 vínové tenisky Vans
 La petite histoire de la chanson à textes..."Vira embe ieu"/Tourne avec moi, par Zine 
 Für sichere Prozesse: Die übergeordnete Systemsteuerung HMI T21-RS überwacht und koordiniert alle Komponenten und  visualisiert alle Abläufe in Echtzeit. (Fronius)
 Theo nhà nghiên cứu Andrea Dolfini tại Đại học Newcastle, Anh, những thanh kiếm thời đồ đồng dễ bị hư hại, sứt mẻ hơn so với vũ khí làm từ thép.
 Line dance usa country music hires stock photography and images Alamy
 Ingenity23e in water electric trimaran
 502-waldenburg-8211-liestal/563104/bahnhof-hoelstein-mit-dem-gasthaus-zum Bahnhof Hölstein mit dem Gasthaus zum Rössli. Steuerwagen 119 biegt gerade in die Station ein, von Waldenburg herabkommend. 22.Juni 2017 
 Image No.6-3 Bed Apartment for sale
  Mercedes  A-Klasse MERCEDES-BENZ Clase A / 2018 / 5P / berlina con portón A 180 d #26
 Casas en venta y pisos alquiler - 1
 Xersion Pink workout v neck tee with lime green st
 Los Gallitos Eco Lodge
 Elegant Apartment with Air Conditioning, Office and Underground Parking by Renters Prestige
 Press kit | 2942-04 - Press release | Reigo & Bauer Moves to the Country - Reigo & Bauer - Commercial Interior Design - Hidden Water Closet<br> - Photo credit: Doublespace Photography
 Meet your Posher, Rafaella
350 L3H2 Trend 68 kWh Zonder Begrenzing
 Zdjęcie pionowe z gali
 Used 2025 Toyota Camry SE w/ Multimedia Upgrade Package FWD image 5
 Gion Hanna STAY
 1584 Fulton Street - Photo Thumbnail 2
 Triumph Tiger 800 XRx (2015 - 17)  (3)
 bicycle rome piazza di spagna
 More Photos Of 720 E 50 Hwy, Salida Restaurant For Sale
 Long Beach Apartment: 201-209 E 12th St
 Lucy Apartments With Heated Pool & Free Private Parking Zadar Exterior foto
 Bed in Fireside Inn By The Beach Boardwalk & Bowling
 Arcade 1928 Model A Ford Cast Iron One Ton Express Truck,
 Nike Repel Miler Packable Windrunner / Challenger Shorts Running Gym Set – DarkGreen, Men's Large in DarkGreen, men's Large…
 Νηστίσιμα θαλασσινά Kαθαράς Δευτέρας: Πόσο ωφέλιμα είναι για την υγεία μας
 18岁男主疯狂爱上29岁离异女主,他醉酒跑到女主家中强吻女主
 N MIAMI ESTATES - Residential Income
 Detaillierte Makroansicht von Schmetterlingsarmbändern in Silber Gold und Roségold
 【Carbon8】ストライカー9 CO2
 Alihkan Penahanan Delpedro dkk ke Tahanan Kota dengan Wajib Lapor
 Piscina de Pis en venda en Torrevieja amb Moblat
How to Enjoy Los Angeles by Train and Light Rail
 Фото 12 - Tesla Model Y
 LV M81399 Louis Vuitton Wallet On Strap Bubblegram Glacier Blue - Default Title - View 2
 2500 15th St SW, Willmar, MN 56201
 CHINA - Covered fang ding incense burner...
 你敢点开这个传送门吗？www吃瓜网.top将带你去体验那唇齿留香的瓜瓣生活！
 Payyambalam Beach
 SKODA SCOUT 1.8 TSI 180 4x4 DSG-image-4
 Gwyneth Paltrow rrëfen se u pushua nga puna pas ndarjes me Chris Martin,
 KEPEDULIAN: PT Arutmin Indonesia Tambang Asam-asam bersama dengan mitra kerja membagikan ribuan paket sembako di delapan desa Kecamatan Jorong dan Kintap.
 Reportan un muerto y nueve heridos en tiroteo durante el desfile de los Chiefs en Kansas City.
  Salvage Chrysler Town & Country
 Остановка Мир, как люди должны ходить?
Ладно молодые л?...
______
WHAT IS NEEDED → Would you please show every line of the material above that includes the string "Parking"?

OUTPUT OF THE EXERCISE →
 Elegant Apartment with Air Conditioning, Office and Underground Parking by Renters Prestige
 Lucy Apartments With Heated Pool & Free Private Parking Zadar Exterior foto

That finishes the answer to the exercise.